Received-SPF: pass (google.com: domain of linux-kernel-owner@vger.kernel.org designates 2620:137:e000::1:20 as permitted sender) client-ip=2620:137:e000::1:20;
Date:   Fri, 17 Jun 2022 18:42:07 +0800
From:   Tao Zhou <tao.zhou@linux.dev>
To:     Valentin Schneider <vschneid@redhat.com>
Cc:     linux-kernel@vger.kernel.org, kexec@lists.infradead.org,
        linux-rt-users@vger.kernel.org,
        Eric Biederman <ebiederm@xmission.com>,
        Arnd Bergmann <arnd@arndb.de>, Petr Mladek <pmladek@suse.com>,
        Thomas Gleixner <tglx@linutronix.de>,
        Sebastian Andrzej Siewior <bigeasy@linutronix.de>,
        Juri Lelli <jlelli@redhat.com>,
        "Luis Claudio R. Goncalves" <lgoncalv@redhat.com>,
        Tao Zhou <tao.zhou@linux.dev>
Subject: Re: [PATCH] panic, kexec: Don't mutex_trylock() in __crash_kexec()
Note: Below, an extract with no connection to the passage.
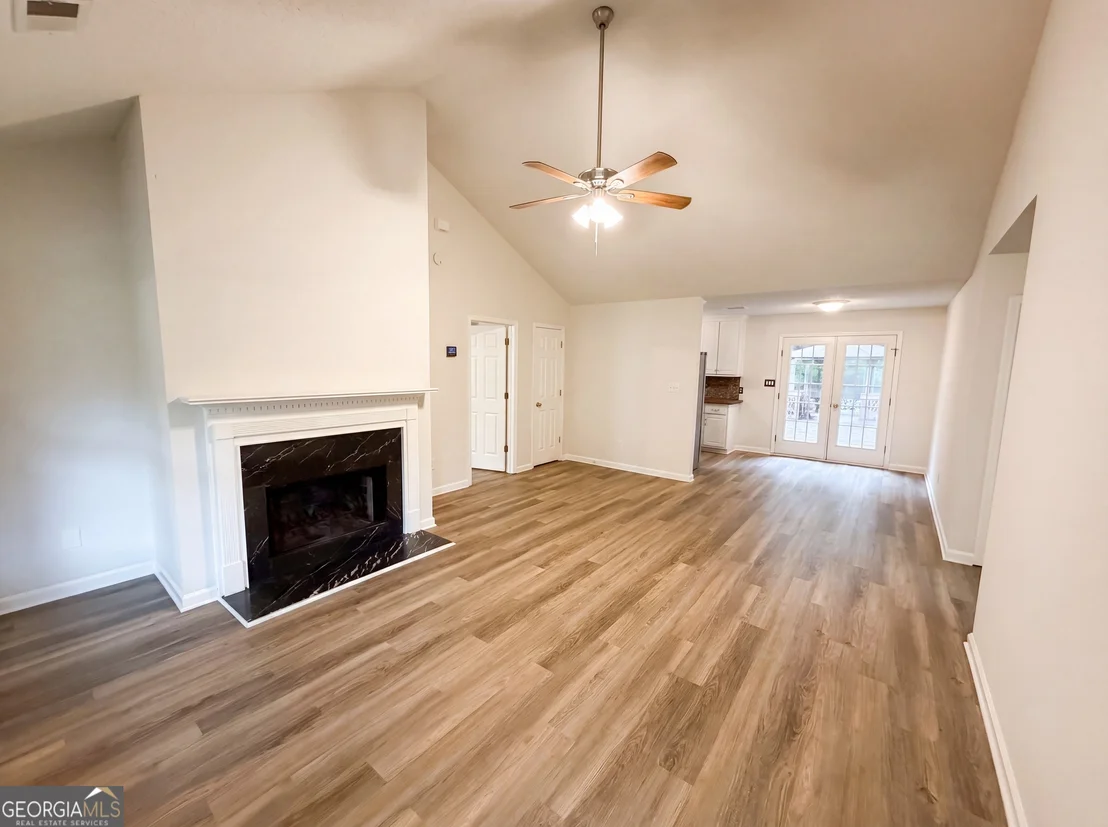 Photo of 160 Regency Drive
Message-ID: <Yqxaf6V+hvCSXQSM@geo.homenetwork>
References: <20220616123709.347053-1-vschneid@redhat.com>
MIME-Version: 1.0
Content-Type: text/plain; charset=us-ascii
Content-Disposition: inline
In-Reply-To: <20220616123709.347053-1-vschneid@redhat.com>
Precedence: bulk

Hi Valentin,

On Thu, Jun 16, 2022 at 01:37:09PM +0100, Valentin Schneider wrote:
> Attempting to get a crash dump out of a debug PREEMPT_RT kernel via an NMI
> panic() doesn't work. The cause of that lies in the PREEMPT_RT definition
> of mutex_trylock():
> 
> 	if (IS_ENABLED(CONFIG_DEBUG_RT_MUTEXES) && WARN_ON_ONCE(!in_task()))
> 		return 0;
> 
> This prevents an NMI panic() from executing the main body of
> __crash_kexec() which does the actual kexec into the kdump kernel.
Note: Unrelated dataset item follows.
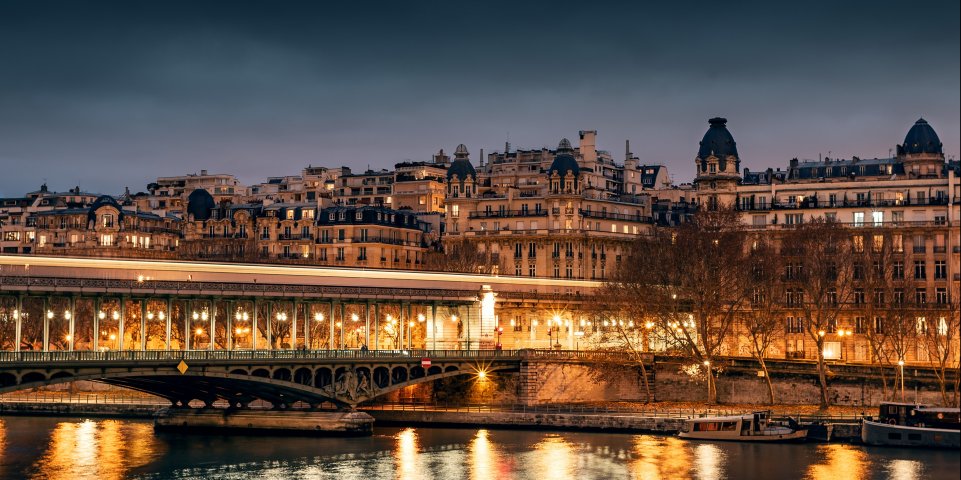 Paris la nuit - bord de Seine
> The warning and return are explained by:
> 
>   6ce47fd961fa ("rtmutex: Warn if trylock is called from hard/softirq context")
>   [...]
>   The reasons for this are:
> 
>       1) There is a potential deadlock in the slowpath
> 
>       2) Another cpu which blocks on the rtmutex will boost the task
> 	 which allegedly locked the rtmutex, but that cannot work
> 	 because the hard/softirq context borrows the task context.
> 
> Use a pair of barrier-ordered variables to serialize loading vs executing a
> crash kernel.
> 
> Tested by triggering NMI panics via:
> 
>   $ echo 1 > /proc/sys/kernel/panic_on_unrecovered_nmi
>   $ echo 1 > /proc/sys/kernel/unknown_nmi_panic
>   $ echo 1 > /proc/sys/kernel/panic
> 
>   $ ipmitool power diag
> 
> Signed-off-by: Valentin Schneider <vschneid@redhat.com>
> ---
> Regarding the original explanation for the WARN & return:
> 
> I don't get why 2) is a problem - if the lock is acquired by the trylock
> then the critical section will be run without interruption since it
> cannot sleep, the interrupted task may get boosted but that will not
> have any actual impact AFAICT.
> Regardless, even if this doesn't sleep, the ->wait_lock in the slowpath
> isn't NMI safe so this needs changing.
> 
> I've thought about trying to defer the kexec out of an NMI (or IRQ)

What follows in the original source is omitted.